Before that, though, I wandered around the area while waiting for the washer to finish:
Nearby was a Fachhochschule, which is a University of Applied Sciences, and is roughly equivalent to a community college in the US:
After returning to the hotel and putting away the laundry, I went out and rented a bicycle to go out to the Mural Harbor, an area at the harbor with lots of graffiti murals.
Mural Harbor
No pictures of Mural Harbor! (site in German) It’s in an industrial zone, and you can’t go through it without a tour guide (though I did not see that sign and rode my bicycle around and took pictures and nobody said a word).
Also, across the street from the main area is a gallery with this warning:
The murals are protected by copyright. Photography and filming are only permitted as part of a booked tour or by arrangement.
So, rather than run afoul of the law by posting pictures of stuff that is totally visible from the street, you’ll just have to take my word for it that it looked pretty neat.

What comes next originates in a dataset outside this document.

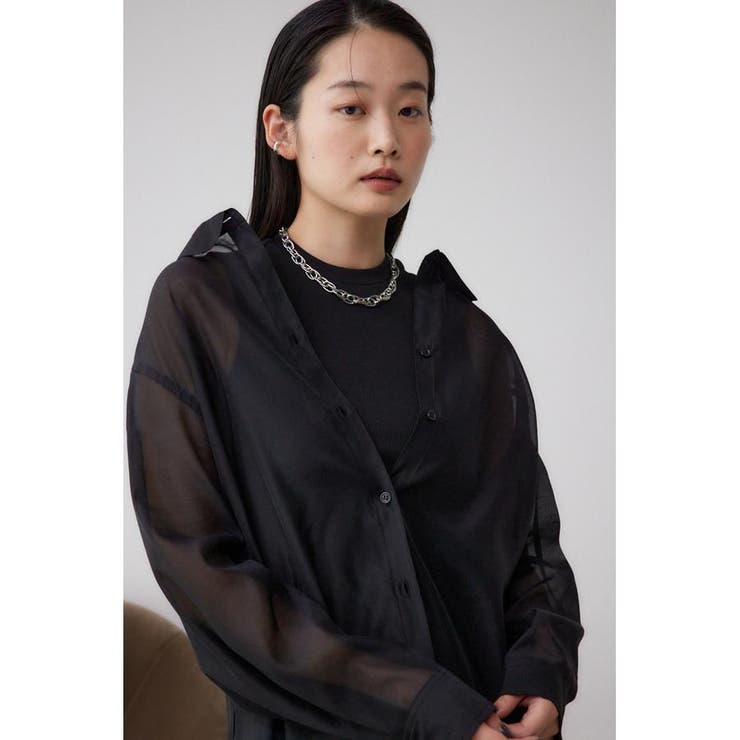 インナーSETオフショルダーシアーシャツ | AZUL BY MOUSSY | 詳細画像1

Francisco Carolinum Museum
Onwards to a museum for photography and media art.
An artist named Steve Pikelny had a sampling of his work, involving defacing money by drawing on it and doing generative art of random pointers and “fake Internet money”.
Works by Zofia Kulik
Some works not part of a particular installation:
Then, an installation by Adrian Sauer (site does not seem to be updated recently), a German photographer.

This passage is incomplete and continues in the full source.